Back to tillage after wet years

With extra rain, tillage is back in style in some areas. First, evaluate the 
risks of erosion and salinity. Then, consider dealing with compaction

a tilled farmer's field

Soggy springs and summers have made tillage fashionable again in some parts of the Prairies. Some see tillage as a means of drying saturated soils. Others hope to relieve compacted soils through some sort of vertical tillage.

But is tillage an effective solution to these problems? And do the potential benefits outweigh the risks?

Tilling to warm soils

Farmers dealing with sopping wet soil might want to try tilling, Dr. David Lobb told delegates at the Manitoba Agronomists conference in December 2014. Lobb is with the University of Manitoba’s Department of Soil Science.

“Crop residues shade the soil and keep it moist. You have a cool, moist environment which usually delays seeding,” said Lobb. Since tillage buries crop residue and exposes soil to air, it should help warm and dry it, Lobb explained.

But research into using tillage to manage wet soils hasn’t yielded conclusive benefits. Some studies have shown tilled soils tend to be slightly warmer and dryer than no-till soils, Lobb said. But differences are often insignificant and results are inconsistent, he added.

Farmers might see some small improvement by managing extra moisture through tillage, he said. “But what’s going to override how wet your soil is isn’t the tillage system so much as the weather. If you have wet weather, you have wet soils.”

Tillage brings risks to the Prairie pothole region and the Red River Valley, Lobb said. For one, it accelerates soil erosion. Without residue cover, farmers will more likely see wind and water erosion. Tilled hilltops are more likely to erode. And in the Red River Valley, “tillage is actually what fills in a lot of those surface drains, particularly at the field edges where you get a bit of damming,” said Lobb.

In wet years, water draws salt to the soil surface, causing salinity. Tilling those areas can increase salinity, said Marla Riekman, land management specialist with Manitoba Agriculture, Food and Rural Development. The salinity caused by tilling around wetlands can outweigh potential benefits such as drying, she added.

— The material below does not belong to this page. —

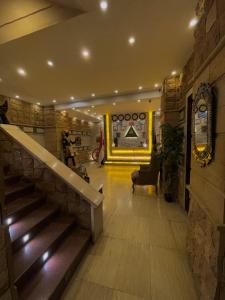 Fotografie z fotogalerie ubytování Sahara Pyramids Inn v Káhiře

Lobb said tilling to eliminate ruts is a good way to keep fields operational. But tilling when soils are still wet will make the problem worse. Instead, he suggested targeted tillage when the soil is slightly frozen. “You can actually level out those ridges and ruts a little bit.”

Compacted soils

Some farmers are concerned about compaction in their fields, especially as equipment gets heavier. Compaction happens when soil particles are squeezed together, compressing pore space. But slightly compacted soils promote good contact between seed and soil, the University of Minnesota’s website notes. A little compaction can also cut water loss from the soil.

But in wet years, yields drop with any increase in compaction, the University of Minnesota notes, because it leads to more denitrification. In dry years, some soil compaction boosts yields. But too much soil compaction cuts yields in dry years, too, according to the university.

Tillage, raindrops and minimal crop rotation can all cause some form of compaction, the University of Minnesota notes. But wheel traffic is the major cause, as machinery grows heavier and farmers are pressured to start seeding before soil is dry enough to support the equipment.

“The challenge is not actually causing the compaction in the first place,” said Riekman.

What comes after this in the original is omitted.